**WHAT YOU WILL DO:** Nothing outside the stretch is wanted. Repeat exactly the lines of the listing below from the one that contains "Học Viện Nevermore Chapter 7 - 102" through the one that contains "T3005/WENGE", both ends included.
□ □ □ □
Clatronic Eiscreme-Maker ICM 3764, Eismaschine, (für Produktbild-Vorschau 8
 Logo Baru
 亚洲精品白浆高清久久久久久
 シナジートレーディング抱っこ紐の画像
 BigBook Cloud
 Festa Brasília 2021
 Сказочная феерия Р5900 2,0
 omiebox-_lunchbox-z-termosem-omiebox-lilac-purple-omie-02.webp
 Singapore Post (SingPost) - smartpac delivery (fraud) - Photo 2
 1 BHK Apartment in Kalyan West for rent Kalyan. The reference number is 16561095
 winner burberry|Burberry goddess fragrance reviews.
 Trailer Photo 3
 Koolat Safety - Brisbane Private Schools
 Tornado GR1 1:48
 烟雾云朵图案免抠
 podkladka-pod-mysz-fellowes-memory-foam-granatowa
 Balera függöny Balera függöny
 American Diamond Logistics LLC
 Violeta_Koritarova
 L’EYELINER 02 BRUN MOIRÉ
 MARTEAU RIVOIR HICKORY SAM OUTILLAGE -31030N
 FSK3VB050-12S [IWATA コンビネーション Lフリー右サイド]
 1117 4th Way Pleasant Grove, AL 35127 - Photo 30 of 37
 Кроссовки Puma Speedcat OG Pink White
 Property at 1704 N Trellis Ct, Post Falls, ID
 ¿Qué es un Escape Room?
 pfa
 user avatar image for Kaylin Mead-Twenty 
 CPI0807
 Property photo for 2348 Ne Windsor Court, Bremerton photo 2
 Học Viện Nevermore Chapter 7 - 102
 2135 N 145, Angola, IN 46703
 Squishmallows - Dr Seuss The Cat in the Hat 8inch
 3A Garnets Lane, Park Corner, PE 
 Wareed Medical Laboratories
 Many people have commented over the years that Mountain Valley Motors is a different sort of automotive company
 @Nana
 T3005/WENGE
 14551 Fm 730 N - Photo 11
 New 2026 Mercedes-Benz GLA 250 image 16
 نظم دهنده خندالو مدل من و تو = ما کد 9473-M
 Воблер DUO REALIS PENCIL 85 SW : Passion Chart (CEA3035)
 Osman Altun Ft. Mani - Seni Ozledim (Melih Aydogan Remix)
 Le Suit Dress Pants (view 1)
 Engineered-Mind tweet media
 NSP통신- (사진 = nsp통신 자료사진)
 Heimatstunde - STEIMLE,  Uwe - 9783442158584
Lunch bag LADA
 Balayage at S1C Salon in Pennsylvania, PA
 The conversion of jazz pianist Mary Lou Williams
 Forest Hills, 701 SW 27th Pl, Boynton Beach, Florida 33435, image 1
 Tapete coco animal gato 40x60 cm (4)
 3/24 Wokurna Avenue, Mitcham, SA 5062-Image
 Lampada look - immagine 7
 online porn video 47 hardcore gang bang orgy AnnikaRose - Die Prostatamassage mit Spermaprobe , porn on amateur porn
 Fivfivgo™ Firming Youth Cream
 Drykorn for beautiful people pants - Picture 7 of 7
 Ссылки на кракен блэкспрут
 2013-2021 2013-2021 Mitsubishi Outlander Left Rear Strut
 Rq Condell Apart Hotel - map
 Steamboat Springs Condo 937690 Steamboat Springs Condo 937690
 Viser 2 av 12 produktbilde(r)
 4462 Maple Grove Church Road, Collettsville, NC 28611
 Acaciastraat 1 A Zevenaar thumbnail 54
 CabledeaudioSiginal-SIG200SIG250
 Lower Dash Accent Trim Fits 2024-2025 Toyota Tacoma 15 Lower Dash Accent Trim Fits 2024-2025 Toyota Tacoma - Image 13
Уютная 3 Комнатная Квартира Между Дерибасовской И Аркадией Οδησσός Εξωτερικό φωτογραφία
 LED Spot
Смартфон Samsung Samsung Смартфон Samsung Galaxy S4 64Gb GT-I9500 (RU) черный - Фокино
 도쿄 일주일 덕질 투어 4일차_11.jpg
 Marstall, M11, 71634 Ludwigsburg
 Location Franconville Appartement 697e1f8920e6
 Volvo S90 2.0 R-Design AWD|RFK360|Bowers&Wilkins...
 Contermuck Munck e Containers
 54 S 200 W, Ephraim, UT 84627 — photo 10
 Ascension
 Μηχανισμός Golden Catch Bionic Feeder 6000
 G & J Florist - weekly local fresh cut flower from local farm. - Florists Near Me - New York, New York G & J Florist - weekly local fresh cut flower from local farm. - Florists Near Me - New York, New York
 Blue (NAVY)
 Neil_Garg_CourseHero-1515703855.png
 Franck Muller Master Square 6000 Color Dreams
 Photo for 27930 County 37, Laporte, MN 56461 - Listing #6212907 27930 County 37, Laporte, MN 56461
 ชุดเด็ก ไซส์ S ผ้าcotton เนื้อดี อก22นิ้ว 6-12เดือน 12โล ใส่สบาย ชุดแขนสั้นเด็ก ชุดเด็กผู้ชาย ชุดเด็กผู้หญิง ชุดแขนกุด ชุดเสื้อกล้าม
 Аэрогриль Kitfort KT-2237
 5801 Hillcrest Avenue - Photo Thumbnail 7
□ □ □ □
**WRITTEN ANSWER:**
 Học Viện Nevermore Chapter 7 - 102
 2135 N 145, Angola, IN 46703
 Squishmallows - Dr Seuss The Cat in the Hat 8inch
 3A Garnets Lane, Park Corner, PE 
 Wareed Medical Laboratories
 Many people have commented over the years that Mountain Valley Motors is a different sort of automotive company
 @Nana
 T3005/WENGE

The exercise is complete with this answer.